De toi à moi

Je lis peu. La fatigue. Le manque de temps. De douces excuses… Moi qui dévorais des centaines de pages par jour depuis l’âge de 6 ans. Toujours est-il que je lis peu. Depuis que tu es là.

Lilie-Belle, ma tempête, ma tornade

J’ai appris un soir que ma vie allait changer. La lueur du jour faiblissait. Un coup de fil. Quelques mots. Une évidence s’est imposée à moi : quels que seraient nos choix, il faudrait désormais penser à deux. À trois. Quoi qu’il advienne, je ne serais plus jamais la même.
J’ai tourné en rond, fait les cent pas pendant des minutes qui m’apparaissaient infinies. Fébrile, j’attendais celui qui serait un jour ton papa. Pour me jeter dans ses bras. Sans parler, sans respirer.
Le temps s’est arrêté. C’était un mardi du mois de mai. Il faisait nuit. Nous sommes partis voir l’océan, le soir même, cinq jours seuls tous les deux, cinq jours à penser à toi. Déjà.
Cinq jours sans presque se poser de questions. Cinq jours de ce tout premier mois. Jusqu’à ce regard que nous avons échangé et assumé : oui, en janvier tu serais là…

Tout a redémarré

Pour ne plus s’arrêter. Mes nuits se sont raccourcies, mes rêves se sont transformés, tu en faisais partie. J’ai découvert la peur, la vraie, l’unique, celle qui ne porte pas sur soi, celle qui prend aux tripes. Je t’ai attendue, sans t’imaginer, sans te posséder. Telle une montgolfière, j’ai inspiré, gonflé mes joues, mes hanches, mon antre. Et j’y ai abandonné mes pensées. Je t’ai attendue, rêvée, écoutée, chantée. Il n’y avait plus de place pour moi. J’ai arrêté de lire. J’ai arrêté de dormir.

Et tu es arrivée

Tu voulais vivre, profiter. Tes yeux ne se fermaient jamais. Les miens ne se fermaient plus. Quelques nuits plus tard, ton minuscule petit être marbré d’un bleu-gris, tes râles, m’ont sortie de ma torpeur. Sans réfléchir, mon corps, dans l’urgence, m’a guidée. J’ai choisi de tout te donner, vidée, passionnée, je te regardais me regarder, je courais après le jour, après la nuit, après la vie. Que tu as choisie. Puis nous sommes rentrées chez nous, loin des blouses blanches, loin de cette perfusion qui te gardait emprisonnée dans ce petit lit-cage immaculé.

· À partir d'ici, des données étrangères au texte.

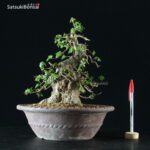 Acer Buergerianum - Kaede - immagine 5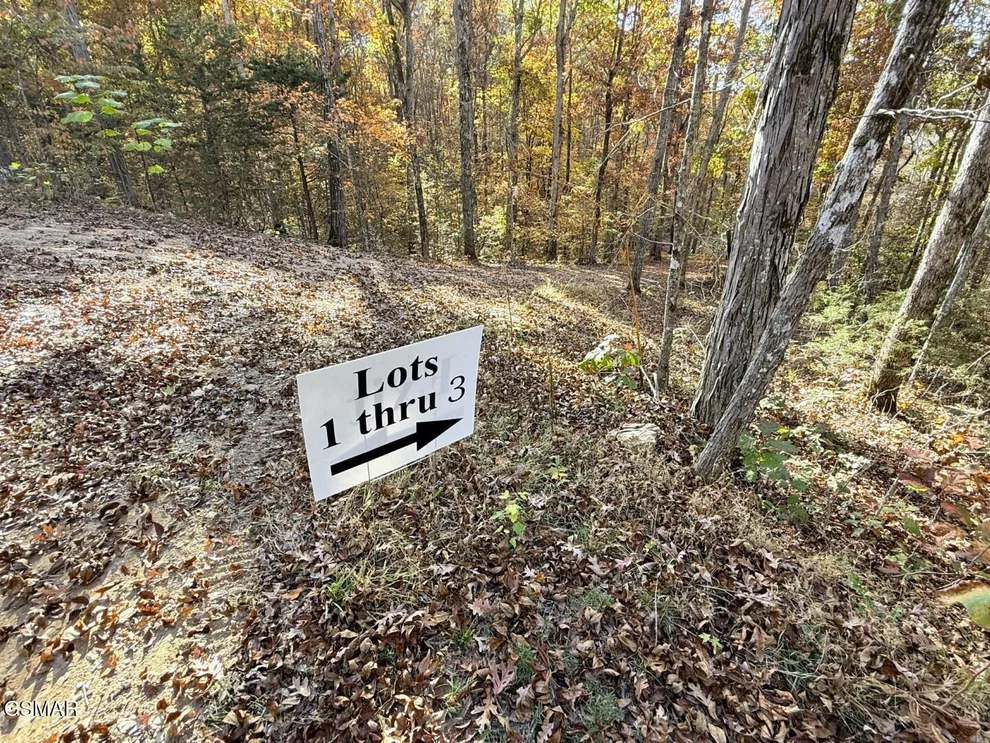 Unit for sale at Tracts 1-3 Topaz Way, Parrottsville, TN 37843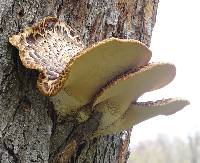 Polyporus squamosus image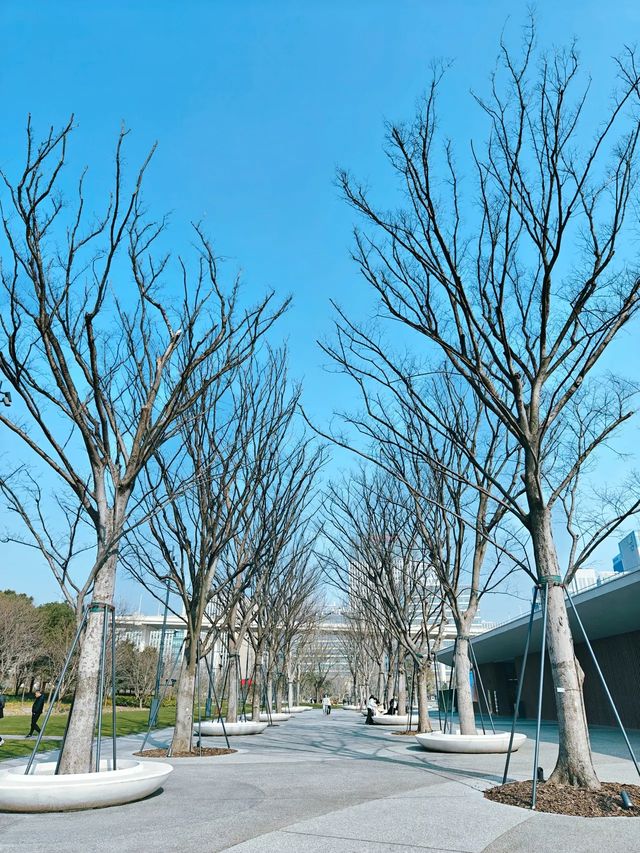 世博文化公園將是魔都市區最大的生態公園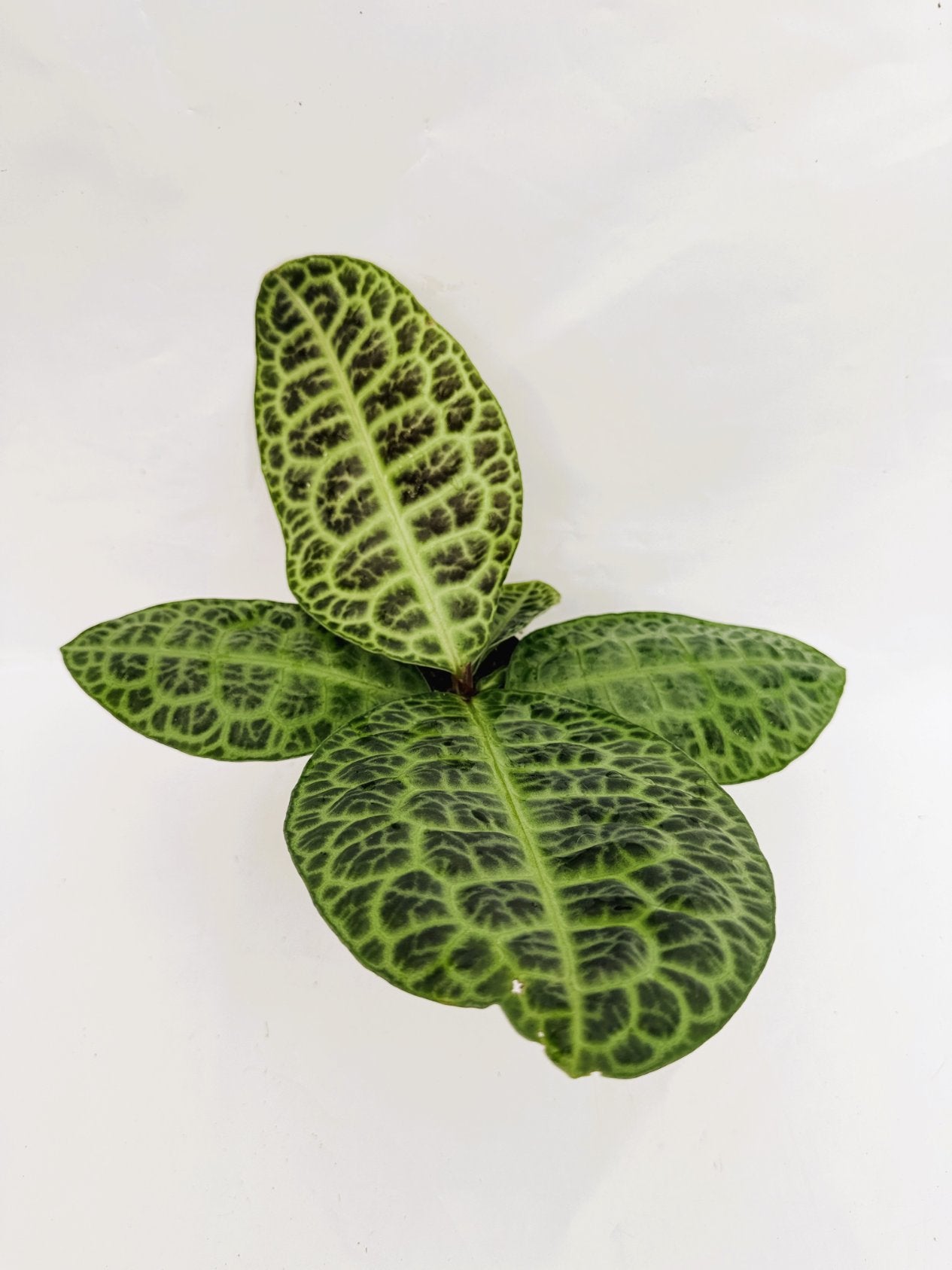 Ardisia_sp_turtle_back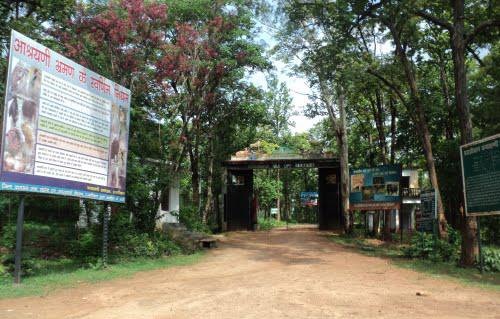 parkai-in-bihar-hazaribagh-laukinės gamtos šventovė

Le brouillard s’est dissipé

J’ai enfin pu pleurer. J’ai baissé les armes, je t’ai caressée de mes larmes, nos yeux se sont fermés. Ensemble. Unies. Apaisées.

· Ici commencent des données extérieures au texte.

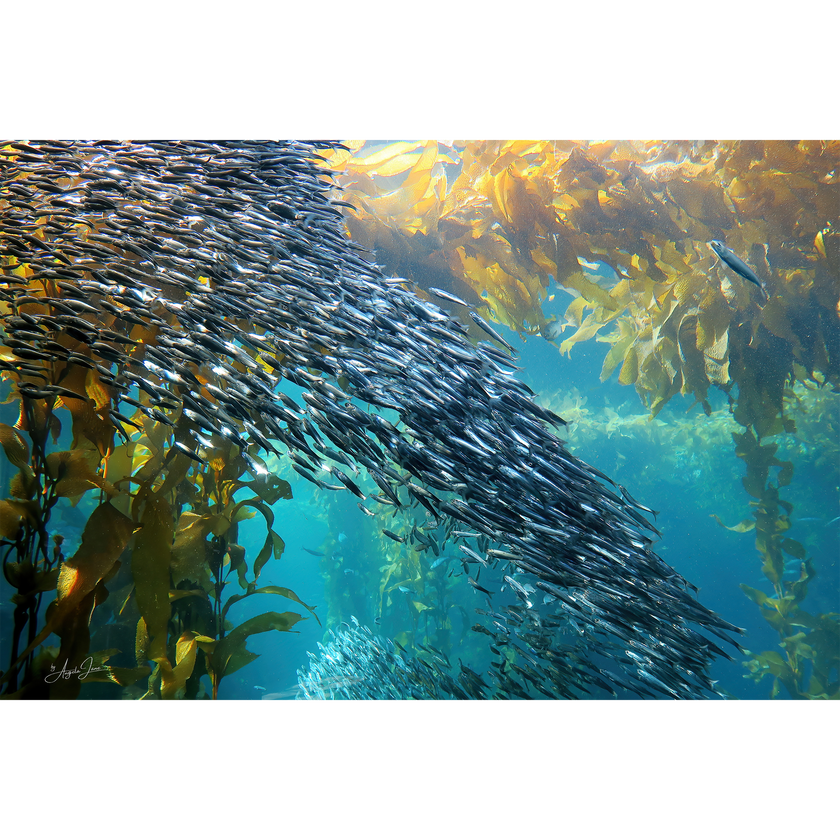 Shoal of Fish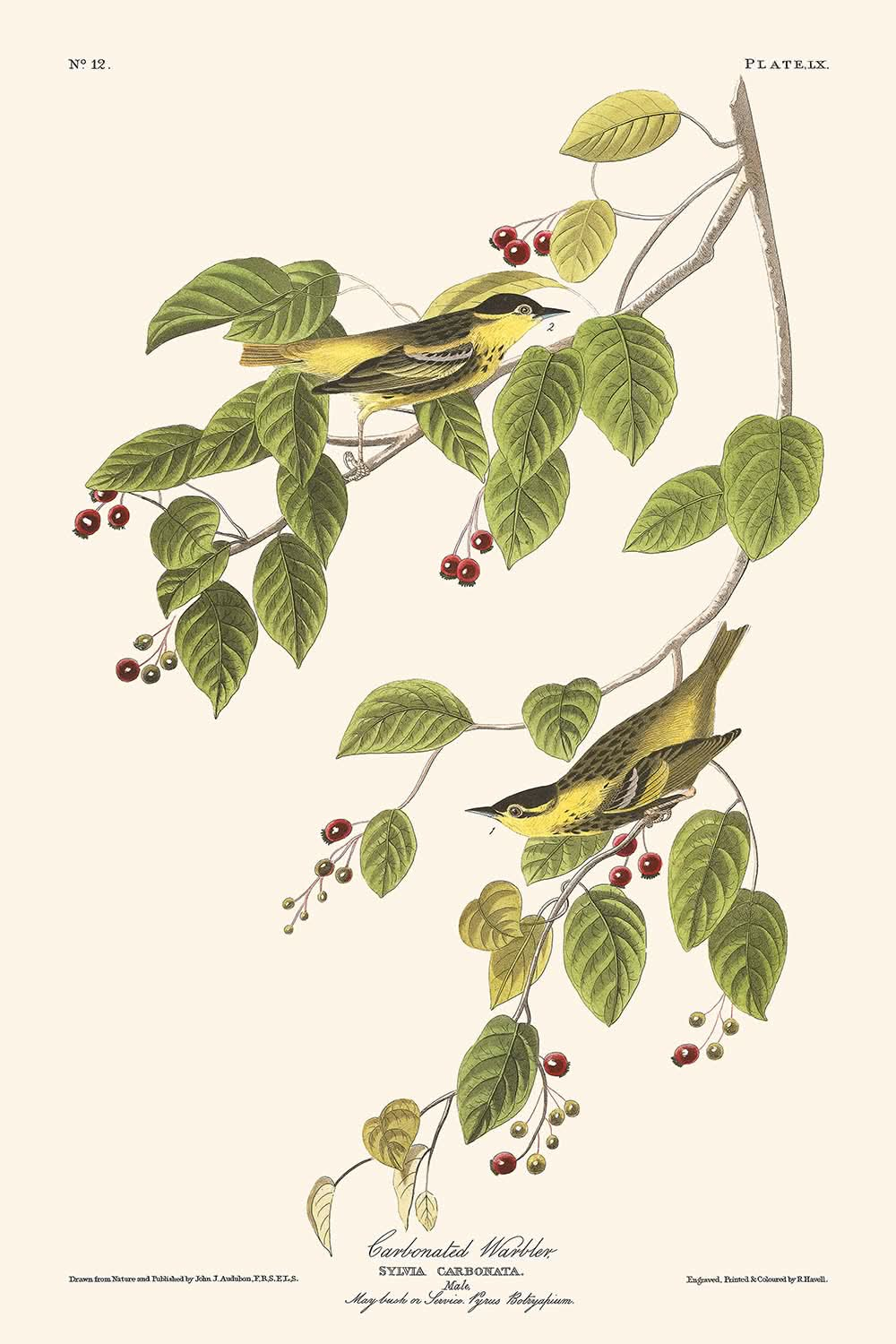 Kohlensäurewaldsänger von John James Audubon, 1827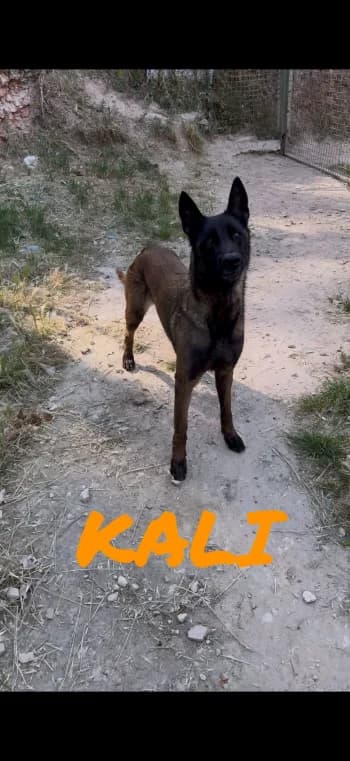 KALI, 4yo Belgian Malinois for adoption at Centre de Défense des Animaux de Marseille et de Provence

Peu à peu, des couleurs sont apparues. Nous avons dormi, épuisées, bercées par ce trop plein de lutte et de douleur. Mon corps, qui m’avait échappé, m’est revenu peu à peu. Le temps s’est adouci. Nous avons appris à vivre l’une avec l’autre, et non plus l’une pour l’autre. Six mois étaient passés. Une immensité. Un soupir. Tu étais là. Mais surtout, j’étais enfin là aussi.

J’espère que ces mots ne sont pas trop mièvres, ou que du moins, s’ils le sont, tu ne m’en tiendras pas rigueur.

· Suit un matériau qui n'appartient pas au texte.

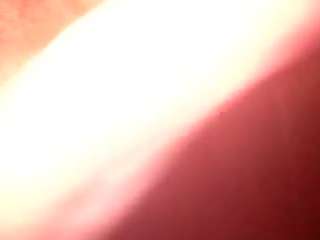 dfdavydwolfl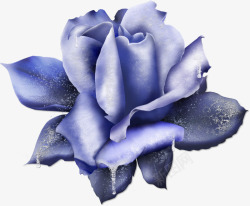 蓝玫瑰装饰蕾丝2素材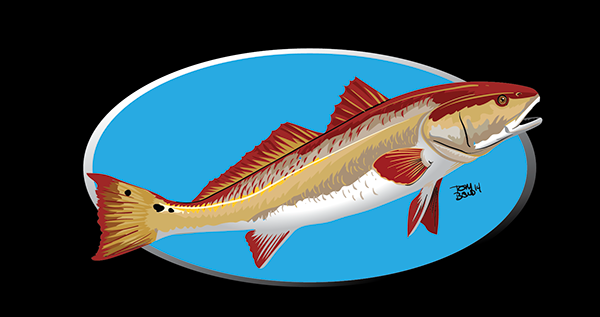 Redfish Illustration on Behance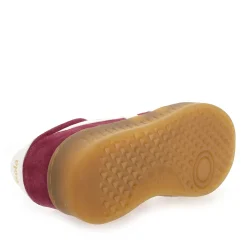 Gola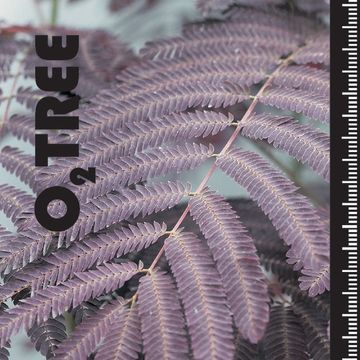 Albizia julibrissin 'Evey's Pride'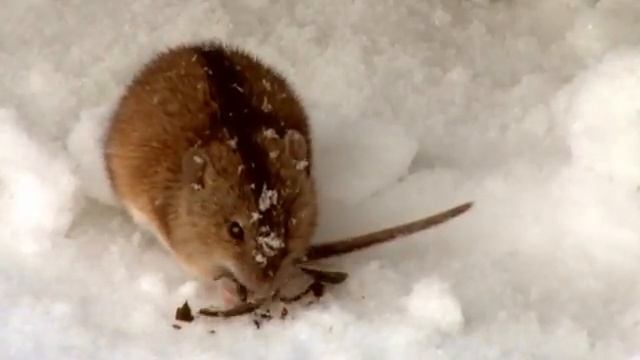 Радость зимнего леса смотреть онлайн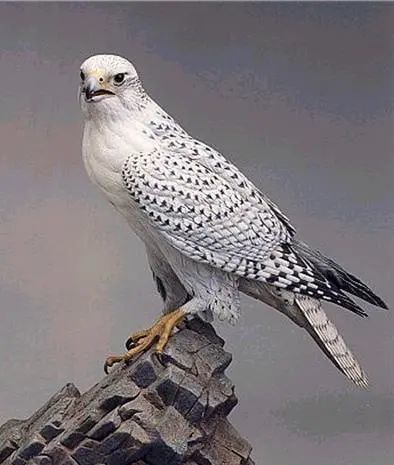 海东青是种什么鸟?|飞鸟与游鱼-07_腾讯新闻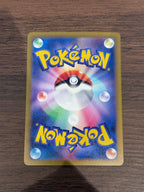 ビワ [sv5K]096/071(SAR)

Face à une telle évidence, une telle foisonnance, j’ai oublié instantanément le regard des autres. Cette poésie sera la nôtre. Et peu importe cette époque où être mère est synonyme de liberté fanée, tu es ma prison, ma forteresse, mon hirondelle. Lilie-Belle.
Trois ans plus tard, nos échanges de regards sont toujours aussi intenses. J’en perds l’équilibre parfois, souvent. Tu es là, je ne te possède pas, je m’offre à toi. À tout jamais là. Pour toi.